Data to use Start Marker
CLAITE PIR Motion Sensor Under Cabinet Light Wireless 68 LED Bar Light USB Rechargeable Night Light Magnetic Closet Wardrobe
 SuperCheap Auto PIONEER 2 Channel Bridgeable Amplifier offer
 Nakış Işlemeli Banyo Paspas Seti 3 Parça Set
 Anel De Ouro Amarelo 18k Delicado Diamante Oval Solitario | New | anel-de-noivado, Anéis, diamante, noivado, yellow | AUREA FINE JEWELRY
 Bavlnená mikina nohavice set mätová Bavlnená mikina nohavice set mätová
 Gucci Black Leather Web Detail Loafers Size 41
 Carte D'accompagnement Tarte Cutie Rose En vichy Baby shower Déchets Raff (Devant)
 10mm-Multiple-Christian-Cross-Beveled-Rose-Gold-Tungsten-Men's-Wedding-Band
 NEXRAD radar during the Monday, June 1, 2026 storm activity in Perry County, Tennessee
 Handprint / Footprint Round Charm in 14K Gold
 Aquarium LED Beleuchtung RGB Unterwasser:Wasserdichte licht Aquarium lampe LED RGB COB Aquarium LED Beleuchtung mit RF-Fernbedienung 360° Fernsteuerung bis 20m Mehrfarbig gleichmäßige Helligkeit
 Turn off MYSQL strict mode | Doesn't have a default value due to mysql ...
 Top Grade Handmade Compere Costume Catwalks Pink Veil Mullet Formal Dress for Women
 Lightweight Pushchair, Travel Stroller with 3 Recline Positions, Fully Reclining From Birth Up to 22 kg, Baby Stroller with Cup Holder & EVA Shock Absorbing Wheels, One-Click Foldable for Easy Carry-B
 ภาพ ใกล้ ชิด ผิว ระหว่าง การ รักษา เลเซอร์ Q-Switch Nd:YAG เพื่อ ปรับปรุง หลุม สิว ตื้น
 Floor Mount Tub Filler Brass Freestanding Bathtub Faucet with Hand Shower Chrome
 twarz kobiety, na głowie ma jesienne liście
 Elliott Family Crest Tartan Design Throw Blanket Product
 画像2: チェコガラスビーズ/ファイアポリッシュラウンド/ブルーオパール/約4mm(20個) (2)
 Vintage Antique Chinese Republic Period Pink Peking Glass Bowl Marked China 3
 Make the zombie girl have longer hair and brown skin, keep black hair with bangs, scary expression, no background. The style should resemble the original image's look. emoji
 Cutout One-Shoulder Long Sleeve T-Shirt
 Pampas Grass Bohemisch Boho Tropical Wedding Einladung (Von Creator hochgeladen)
Data to use End Marker
- Exercise description:
Please reproduce, exactly as they appear above, the lines from the line containing "Handprint / Footprint" up to and including the line containing "Lightweight Pushchair, Travel".

- Solution for this task:
 Handprint / Footprint Round Charm in 14K Gold
 Aquarium LED Beleuchtung RGB Unterwasser:Wasserdichte licht Aquarium lampe LED RGB COB Aquarium LED Beleuchtung mit RF-Fernbedienung 360° Fernsteuerung bis 20m Mehrfarbig gleichmäßige Helligkeit
 Turn off MYSQL strict mode | Doesn't have a default value due to mysql ...
 Top Grade Handmade Compere Costume Catwalks Pink Veil Mullet Formal Dress for Women
 Lightweight Pushchair, Travel Stroller with 3 Recline Positions, Fully Reclining From Birth Up to 22 kg, Baby Stroller with Cup Holder & EVA Shock Absorbing Wheels, One-Click Foldable for Easy Carry-B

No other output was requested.